- **WHAT YOU HAVE TO DO**: Whenever a line in the listing contains "tæng", copy that line.

- **SOURCE DATA**:
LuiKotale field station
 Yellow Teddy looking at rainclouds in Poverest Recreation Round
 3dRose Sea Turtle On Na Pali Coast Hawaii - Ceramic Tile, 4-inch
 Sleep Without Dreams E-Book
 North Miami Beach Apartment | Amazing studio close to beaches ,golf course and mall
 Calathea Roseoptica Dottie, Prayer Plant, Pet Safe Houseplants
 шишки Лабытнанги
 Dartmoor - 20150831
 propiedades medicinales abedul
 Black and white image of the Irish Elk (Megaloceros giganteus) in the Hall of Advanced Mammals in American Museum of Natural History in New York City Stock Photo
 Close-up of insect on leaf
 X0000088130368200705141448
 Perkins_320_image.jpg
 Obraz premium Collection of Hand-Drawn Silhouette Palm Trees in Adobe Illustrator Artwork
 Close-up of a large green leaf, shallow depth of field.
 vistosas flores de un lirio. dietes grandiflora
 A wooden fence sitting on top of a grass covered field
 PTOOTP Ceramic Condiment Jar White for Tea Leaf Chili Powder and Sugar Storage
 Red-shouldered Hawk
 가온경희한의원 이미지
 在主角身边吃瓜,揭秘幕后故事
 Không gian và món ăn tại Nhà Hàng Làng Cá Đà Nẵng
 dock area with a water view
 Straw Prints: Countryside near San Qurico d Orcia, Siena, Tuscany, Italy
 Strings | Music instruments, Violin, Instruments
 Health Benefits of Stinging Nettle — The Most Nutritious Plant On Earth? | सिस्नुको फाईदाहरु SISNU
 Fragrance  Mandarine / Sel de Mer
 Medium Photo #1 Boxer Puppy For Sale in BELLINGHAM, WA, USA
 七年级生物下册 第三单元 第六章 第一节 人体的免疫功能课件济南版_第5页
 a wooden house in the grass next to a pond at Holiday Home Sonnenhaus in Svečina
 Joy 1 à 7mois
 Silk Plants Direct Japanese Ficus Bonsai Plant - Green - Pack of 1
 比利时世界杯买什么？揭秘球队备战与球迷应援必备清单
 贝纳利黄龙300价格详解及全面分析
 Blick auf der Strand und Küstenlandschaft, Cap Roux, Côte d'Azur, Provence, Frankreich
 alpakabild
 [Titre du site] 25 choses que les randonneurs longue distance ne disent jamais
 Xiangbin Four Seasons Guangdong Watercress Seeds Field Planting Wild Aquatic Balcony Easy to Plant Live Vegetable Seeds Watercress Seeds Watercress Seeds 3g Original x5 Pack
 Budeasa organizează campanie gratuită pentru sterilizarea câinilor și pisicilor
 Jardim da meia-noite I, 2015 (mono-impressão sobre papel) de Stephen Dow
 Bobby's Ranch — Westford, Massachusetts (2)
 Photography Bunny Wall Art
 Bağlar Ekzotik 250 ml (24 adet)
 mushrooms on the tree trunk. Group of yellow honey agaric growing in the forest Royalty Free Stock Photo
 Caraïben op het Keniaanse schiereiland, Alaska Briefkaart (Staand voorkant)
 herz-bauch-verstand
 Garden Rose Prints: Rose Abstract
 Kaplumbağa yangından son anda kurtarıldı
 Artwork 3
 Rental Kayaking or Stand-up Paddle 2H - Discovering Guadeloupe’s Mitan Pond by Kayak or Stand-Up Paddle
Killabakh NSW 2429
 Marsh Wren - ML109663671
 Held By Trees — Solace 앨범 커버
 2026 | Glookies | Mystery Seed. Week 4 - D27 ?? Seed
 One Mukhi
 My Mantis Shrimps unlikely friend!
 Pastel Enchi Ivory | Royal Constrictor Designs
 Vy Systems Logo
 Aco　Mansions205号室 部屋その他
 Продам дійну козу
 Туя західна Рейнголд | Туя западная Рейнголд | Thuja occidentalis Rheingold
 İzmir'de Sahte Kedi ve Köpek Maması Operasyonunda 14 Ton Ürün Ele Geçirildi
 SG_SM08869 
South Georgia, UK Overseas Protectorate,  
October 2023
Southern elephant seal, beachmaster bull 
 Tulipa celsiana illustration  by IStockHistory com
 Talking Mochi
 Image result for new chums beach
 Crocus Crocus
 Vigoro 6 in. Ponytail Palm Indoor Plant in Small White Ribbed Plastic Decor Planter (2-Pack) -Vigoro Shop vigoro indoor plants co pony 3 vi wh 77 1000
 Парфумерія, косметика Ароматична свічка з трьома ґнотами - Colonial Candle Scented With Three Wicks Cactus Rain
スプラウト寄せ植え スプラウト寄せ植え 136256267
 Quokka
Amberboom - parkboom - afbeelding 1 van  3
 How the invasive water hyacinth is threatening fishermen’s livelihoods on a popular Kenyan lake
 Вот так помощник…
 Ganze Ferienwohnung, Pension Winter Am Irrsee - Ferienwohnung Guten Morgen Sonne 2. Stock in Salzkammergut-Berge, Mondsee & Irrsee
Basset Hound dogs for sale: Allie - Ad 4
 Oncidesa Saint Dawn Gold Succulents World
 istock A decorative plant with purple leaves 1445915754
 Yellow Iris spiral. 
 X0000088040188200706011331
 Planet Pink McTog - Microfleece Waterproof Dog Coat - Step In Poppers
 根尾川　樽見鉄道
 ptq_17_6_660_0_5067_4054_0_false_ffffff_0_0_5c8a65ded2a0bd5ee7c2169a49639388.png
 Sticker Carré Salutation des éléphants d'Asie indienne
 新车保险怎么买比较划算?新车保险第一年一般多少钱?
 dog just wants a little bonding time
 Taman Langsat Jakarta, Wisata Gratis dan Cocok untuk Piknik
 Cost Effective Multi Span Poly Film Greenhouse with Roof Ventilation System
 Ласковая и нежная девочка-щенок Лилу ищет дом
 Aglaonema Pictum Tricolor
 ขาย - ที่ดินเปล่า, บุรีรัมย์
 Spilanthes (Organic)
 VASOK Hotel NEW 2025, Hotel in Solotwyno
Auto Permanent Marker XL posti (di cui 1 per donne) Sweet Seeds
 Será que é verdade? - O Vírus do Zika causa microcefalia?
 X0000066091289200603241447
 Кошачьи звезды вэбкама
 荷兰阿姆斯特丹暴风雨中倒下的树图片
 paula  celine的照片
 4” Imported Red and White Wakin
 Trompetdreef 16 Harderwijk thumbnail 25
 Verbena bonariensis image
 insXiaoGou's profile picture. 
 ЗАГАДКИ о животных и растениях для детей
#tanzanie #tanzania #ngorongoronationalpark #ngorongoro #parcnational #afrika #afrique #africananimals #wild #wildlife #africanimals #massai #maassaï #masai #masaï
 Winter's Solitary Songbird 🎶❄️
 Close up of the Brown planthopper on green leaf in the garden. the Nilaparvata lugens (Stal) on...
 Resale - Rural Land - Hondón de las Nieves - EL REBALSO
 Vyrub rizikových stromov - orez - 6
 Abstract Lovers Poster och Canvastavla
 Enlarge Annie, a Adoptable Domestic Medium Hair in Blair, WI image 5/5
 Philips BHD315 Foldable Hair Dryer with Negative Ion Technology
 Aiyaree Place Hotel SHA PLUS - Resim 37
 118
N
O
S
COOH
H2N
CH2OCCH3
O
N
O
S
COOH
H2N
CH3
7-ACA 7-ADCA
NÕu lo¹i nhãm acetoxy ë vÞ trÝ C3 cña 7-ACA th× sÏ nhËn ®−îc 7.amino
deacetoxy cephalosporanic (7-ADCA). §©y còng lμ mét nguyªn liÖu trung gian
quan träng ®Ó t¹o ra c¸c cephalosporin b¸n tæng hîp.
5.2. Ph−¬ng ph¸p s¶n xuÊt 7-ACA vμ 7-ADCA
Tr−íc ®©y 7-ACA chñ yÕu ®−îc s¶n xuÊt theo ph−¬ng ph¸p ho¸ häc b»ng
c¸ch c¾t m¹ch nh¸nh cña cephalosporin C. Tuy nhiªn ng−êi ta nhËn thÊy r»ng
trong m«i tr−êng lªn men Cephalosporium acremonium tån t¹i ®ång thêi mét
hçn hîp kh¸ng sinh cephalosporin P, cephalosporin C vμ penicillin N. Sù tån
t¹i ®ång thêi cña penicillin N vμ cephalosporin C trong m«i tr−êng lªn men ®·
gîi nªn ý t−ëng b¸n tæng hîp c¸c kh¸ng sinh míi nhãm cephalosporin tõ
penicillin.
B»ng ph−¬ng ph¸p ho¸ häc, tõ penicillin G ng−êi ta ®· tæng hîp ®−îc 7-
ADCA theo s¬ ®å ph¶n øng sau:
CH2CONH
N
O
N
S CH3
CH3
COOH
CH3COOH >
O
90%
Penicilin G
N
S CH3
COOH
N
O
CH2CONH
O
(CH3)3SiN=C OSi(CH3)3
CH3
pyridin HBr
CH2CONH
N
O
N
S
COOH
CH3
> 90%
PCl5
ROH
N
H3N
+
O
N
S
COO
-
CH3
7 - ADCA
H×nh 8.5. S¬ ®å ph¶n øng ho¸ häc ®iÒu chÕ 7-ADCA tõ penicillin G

- **OUTPUT FOR THIS EXERCISE**:
quan träng ®Ó t¹o ra c¸c cephalosporin b¸n tæng hîp.
gîi nªn ý t−ëng b¸n tæng hîp c¸c kh¸ng sinh míi nhãm cephalosporin tõ
B»ng ph−¬ng ph¸p ho¸ häc, tõ penicillin G ng−êi ta ®· tæng hîp ®−îc 7-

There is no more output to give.